» TASK:
Set down exactly, from the records below, the line with "An elderly couple" through the line with "Laundry is just outside your bedroom", and nothing else.

» DATA TO EXAMINE:
*** Block opens ***
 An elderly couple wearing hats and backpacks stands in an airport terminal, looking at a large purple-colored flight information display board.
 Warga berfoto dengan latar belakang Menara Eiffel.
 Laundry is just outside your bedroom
*** Block closes ***
*** Block opens ***
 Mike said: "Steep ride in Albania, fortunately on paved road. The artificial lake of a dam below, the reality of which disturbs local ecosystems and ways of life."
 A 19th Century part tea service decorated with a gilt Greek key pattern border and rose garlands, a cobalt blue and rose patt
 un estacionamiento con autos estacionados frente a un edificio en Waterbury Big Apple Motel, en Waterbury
*** Block closes ***
*** Block opens ***
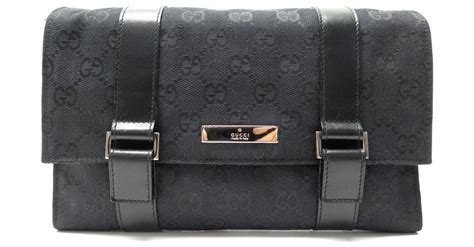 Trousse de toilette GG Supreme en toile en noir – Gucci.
*** Block closes ***
» FINAL ANSWER:
 An elderly couple wearing hats and backpacks stands in an airport terminal, looking at a large purple-colored flight information display board.
 Warga berfoto dengan latar belakang Menara Eiffel.
 Laundry is just outside your bedroom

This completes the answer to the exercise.